Since Lashley’s famous “search for the engram”, neuroscientists have sought to understand the biophysical basis of memory. At the level of brain network dynamics, it is widely believed, but not proven, that the engram consists of synaptically interconnected groups of cells, as postulated by Donald Hebb. Cortical modules capable of rapidly creating “cell assemblies” are thought to be the basic building blocks of memory. Cell assemblies represent the essence of brain parallel processes, and necessitate matching parallel technologies in order to capture them.
In this project, we aim to develop methodological and conceptual foundations allowing to identify cell assemblies and equate them to memory processes. This will be done by a combination of advanced multisite, single unit neural activity monitoring, closed-loop patterned and cell specific activations, and computational techniques that would identify assembly activation in real time. We will create a technological platform for directly interacting with cell assemblies in a two-way dialogue.
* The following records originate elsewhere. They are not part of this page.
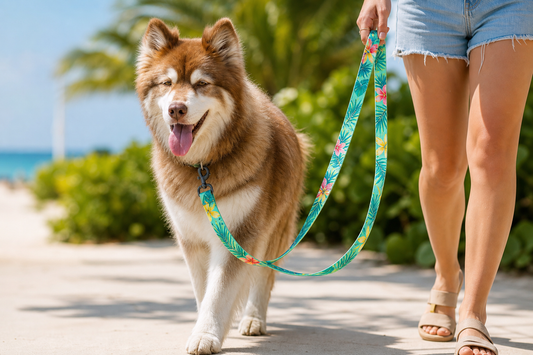 Island Vibes Waterproof Dog Leash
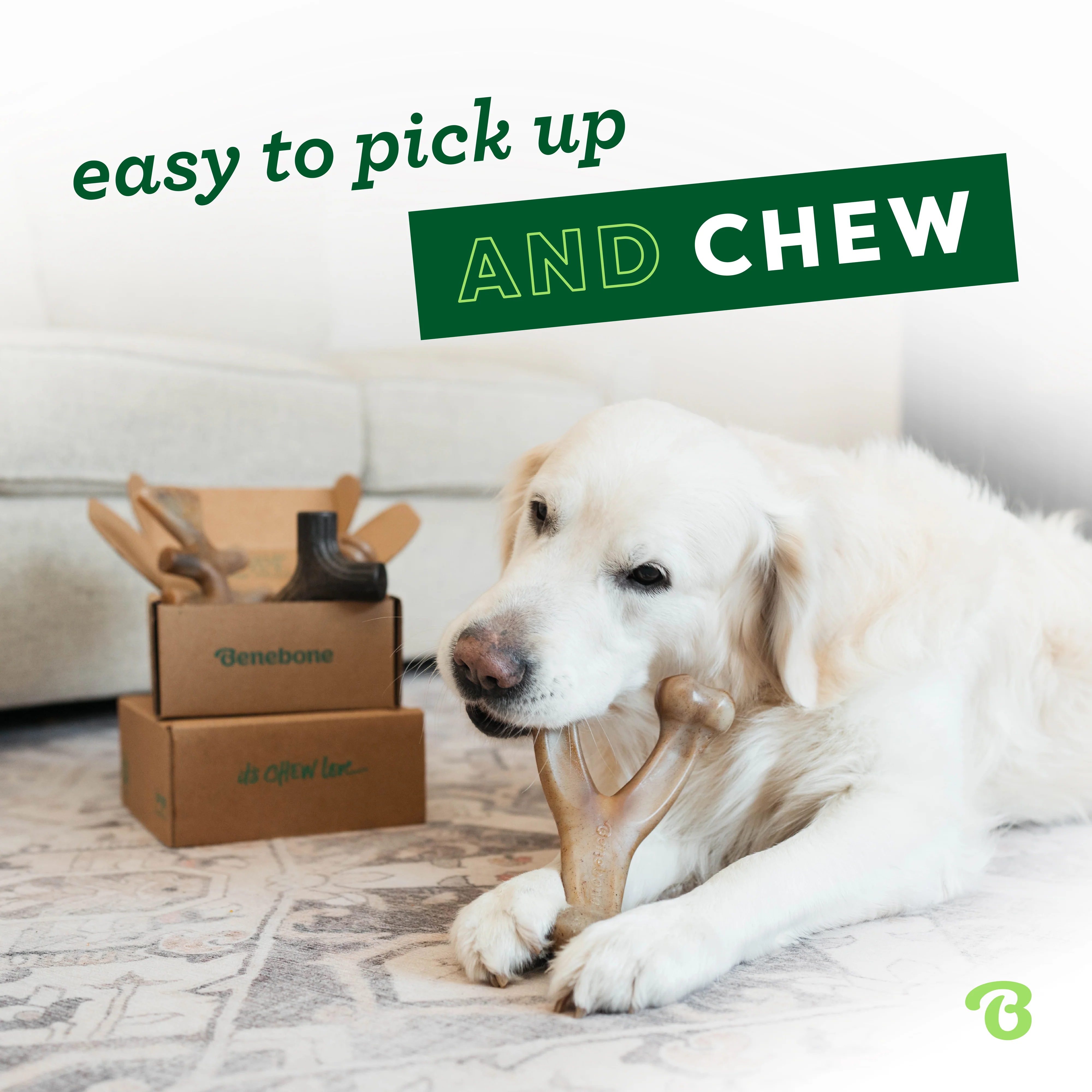 Classic Chew Collection (50% off) - Image 6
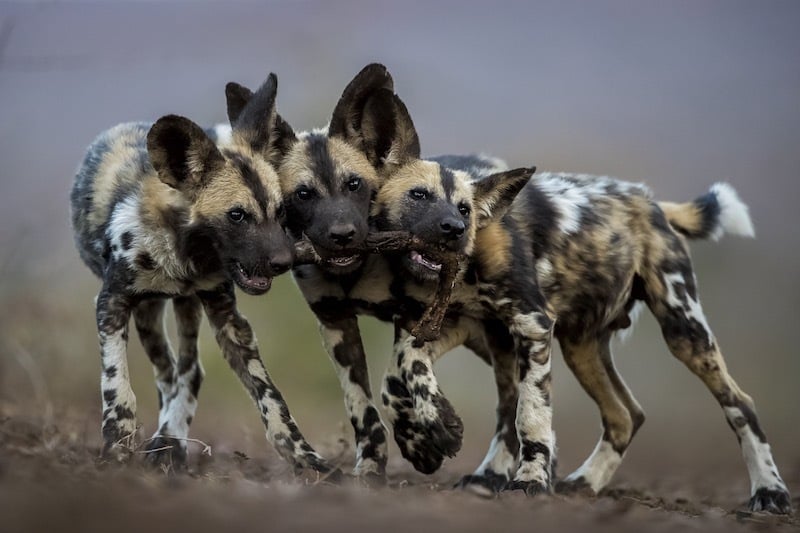 Issue 189: Tracking Wild Dogs on Foot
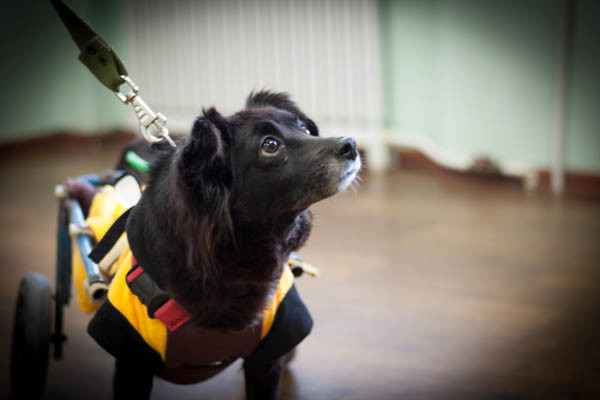 7 лет собака-инвалид ждет любящих хозяев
More specifically, we will build an experimental platform combining cell type specific light-induced neuronal activation with multisite extracellular recordings of ensemble activity. The platform will be configured as a closed-loop approach thus being capable of reading instantaneous ensemble activity, detecting “important” activity configurations, and consequently driving an array of independent optical stimulators with specific patterns.
At the same time, we will develop computational methods allowing to infer functional interactions between neurons from the recordings of the concerted activity of the neural population, in response to a given stimulation.
Understanding the role of cell assemblies in supporting memory processes will open up new horizons for brain-machine interface technologies.